L’unica intensità che arriva in verità è il ritmo frenetico e martellante del montaggio, che analogicamente rappresenta la mente.

Non riesci ad immergerti veramente nella scena, nell’ambiente rappresentato, perché la continuità della presenza viene continuamente spezzata dal montaggio compulsivo.

Proprio come fa la mente. Collega cose apparentemente casuali, salta di palo in frasca, snocciola serie e ripetizioni infinite di pensieri con un ritmo ossessivo.

La mente gira quel tipo di film che “ti tiene sveglio la notte”.

Prova ora invece a visualizzare una scena statica, tranquilla, o un piano sequenza molto lento.

E’ pura contemplazione. Riesci ad entrare dentro il film, nello spazio, attivando la parte destra del cervello, quella dello spazio e della ricettività. Qui è più facile non perdere la presenza perché gli stimoli sono più morbidi, continui e prevedibili.

Per rendere un po’ più concreto questo discorso, prova a fare questo piccolo esercizio.

Prova ad attraversare le stanze di casa tua come se fossi un cameraman e stessi girando un film facendo un’unica ripresa. Hai la telecamera in spalla. Anzi no, ce l’hai in testa. In realtà i tuoi occhi sono l’obiettivo della telecamera.
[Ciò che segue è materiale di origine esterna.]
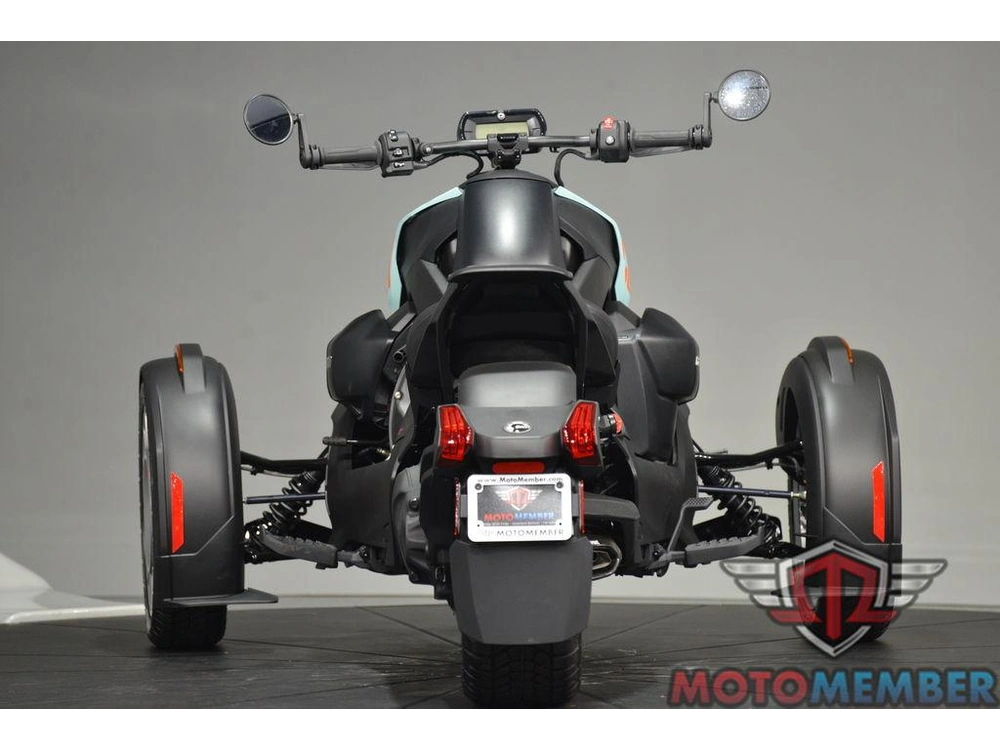 2025 Can-am Ryker Rally 900 alt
Non puoi pensare, perché questo bloccherebbe il flusso delle percezioni in arrivo, ma soprattutto la registrazione. Ogni volta che pensi, interrompi la registrazione.
Se continui ad interrompere e tagliare le scene, poi per forza ti toccherà affidarti al montatore..

Alla mente piace disfare, per poi cercare di rimettere insieme i pezzi.

Fai finta di girare un film con un unico piano sequenza. Immagina di essere una steadycam, e di poter quasi fluttuare nello spazio. Utilizza le gambe, i piedi e il contatto col pavimento per ricreare questo movimento dolce e fluido.

 

La continuità della percezione alimenta la continuità della presenza. Il movimento fluido, continuo, anziché spezzato ed interrotto, amplifica la sensazione di essere un corpo fisico, che si muove nello spazio fisico.

Stai particolarmente vigile quando attraversi le porte. Di solito non ne siamo per niente consapevoli. Ma ora stai registrando una scena molto lunga, senza interruzioni.

Il tuo essere presente, senza l’interferenza della mente, corrisponde a quando è attiva la spia rossa “recording”. Quando la registrazione è in stop, e la puoi scorrere in avanti ed indietro per controllarla con fast forward e rewind, lì è quando riattivi la mente, che può muoversi nel passato e nel futuro.

Dopo aver esplorato un po’ lo spazio in questa maniera, prova ad aggiungere qualche semplice azione, sempre fluendo in continuità.

Entra in camera da letto, apri la portiera dell’armadio, e fai una carrellata sui vestiti. Esplora i cassetti, e scorri sopra gli altri oggetti presenti nella stanza, come farebbe lo sguardo di una cinepresa.
Non c’è bisogno di effettuare nessun taglio, nessuna interruzione. Nessun nastro da sostituire, né batteria da ricaricare.
Assorbi questa percezione continua come se fosse nutrimento per il corpo. E’ la continuità, che dopo un po’ ti ritorna come intensità, energia, stabilità. I sensi si acuiscono, sembrano assorbire più dettagli, più luce.

Tutto comincia a diventare più ricco e luminoso. Gli angoli di casa esplorati così, cominciano a restituire impressioni che soddisfano i sensi e si traducono in maggiore consapevolezza di sé nello spazio.

L’anima è il regista.

Il corpo è la telecamera.

La mente è il montatore.

La mente ( il montatore) interrompe. Spezza. Taglia. Collega. Mette insieme. Aggiusta. Accorcia. Allunga. Si sposta avanti e indietro nel tempo con la moviola. Raffina. Rifinisce. Perfeziona.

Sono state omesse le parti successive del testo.